# Holy Crappie!!!!



## bigrackmack (Aug 10, 2004)

Well me and Rayed and Rob (aslongasitpullsback) made the trip up to Saginaw to fish for some eyes and it was slow (and cold) and it wasn't going so well so we decided to go to plan "B" which we are all glad we did.....The crappie were "on fire" had to beat them of our hooks.....great day spent some good fisherman!!.....thanks for having me Ray, and it was great fishing with you Rob..Maybe they could post a picture.......Mack


----------



## spankin eyes 2 (Dec 31, 2010)

heard ya guys had a great afternoon.. way to pound the crappie guys..


----------



## aslongasitpullsback (Dec 30, 2005)

Hey Mack, it to was nice to meet another sportsman from the site... and had a great time with you and Ray.... and what a pile of Crappy lol.... pic


After all the catchen... we cleaned them up and had a fish fry... MMMMMMMMM good after a long day on the ice.... Good times spend with old and new friends...
Thanks for a great time Ray...


----------



## eyeopenner (Mar 20, 2010)

Holy crappie


----------



## DoeMaster (Aug 24, 2012)

Wow!
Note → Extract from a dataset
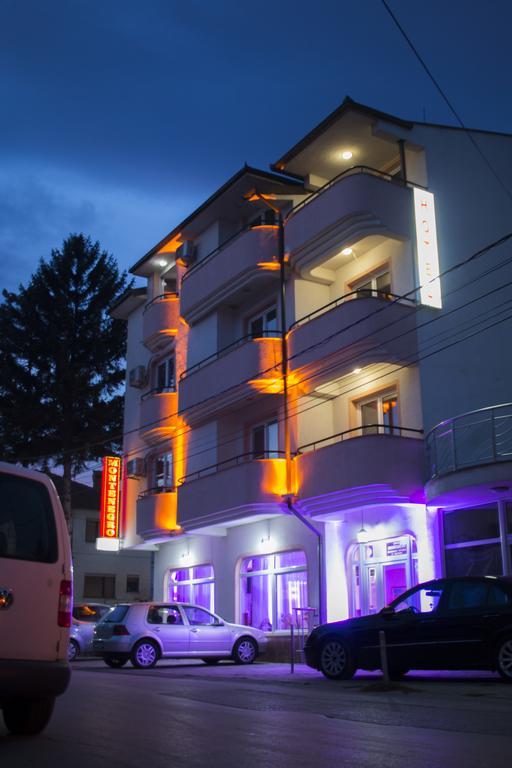 Hotel Montenegro Струга Экстерьер фото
Great jobs guys!


----------



## SPITFIRE (Feb 10, 2005)

now thats a pile! nice work.


----------



## SlabGuy (Dec 29, 2010)

Nice Haul Fellas!!!


----------



## RichP (Jan 13, 2003)

That is the coolest crappie photo I've ever seen, well done.


----------



## rayed (Mar 10, 2003)

It ended up being a GREAT day after a bad start on the river. We always seem to find the fish when we fish together Rob. Glad you and John had a good time, nothing better than getting on staging crappie. 

posted using Outdoor Hub Campfire


----------



## spankins ole lady (Feb 7, 2012)

Nice job on the fish guys way to getem 

posted using Outdoor Hub Campfire


----------



## snschnell (Jun 13, 2011)

Hey I see that blue gill hidden in there on the bottom left. Nice haul guys


----------



## spankin eyes 2 (Dec 31, 2010)

:yikes:wow i knew ya did good but holy cow what a haul good job fellas looks like that was a blast..


----------



## mhodnettjr (Jan 30, 2005)

nicely done!!!


----------



## sfw1960 (Apr 7, 2002)

RichP said:


> That is the coolest crappie photo I've ever seen, well done.


Very cool picture boys!
I would only like to add:* "Whack'M & Stack'M - Like Cord Wood"*

:lol: :lol: :lol:
w00000T!
Kickin' crappie & taken names....
Helluva job guys! :tdo12:


----------



## aslongasitpullsback (Dec 30, 2005)

snschnell said:


> Hey I see that blue gill hidden in there on the bottom left. Nice haul guys


Ya I added a couple small 6''gills to the bunch crappy.... :lol::lol:


----------



## Salmon Seeker (Aug 23, 2010)

Hell of a pile of fish, great job


Posted using Outdoor Hub Campfire


----------



## William H Bonney (Jan 14, 2003)

That's the biggest pile of CRAP I've ever seen!


----------



## wintrrun (Jun 11, 2008)

That is a great pile of fish!
Congrats to ya guys on your success.


----------



## buckbuster71 (Jan 16, 2011)

Very nice. How deep we're you guys fishing??


----------



## Ralph Smith (Apr 1, 2003)

D.A.M.N.!! I should have went with you guys. I was salivating all over my keyboard:lol: Next time you go, let me know Don't get to panfish much anymore at all. Great job and helluva haul guys!!


----------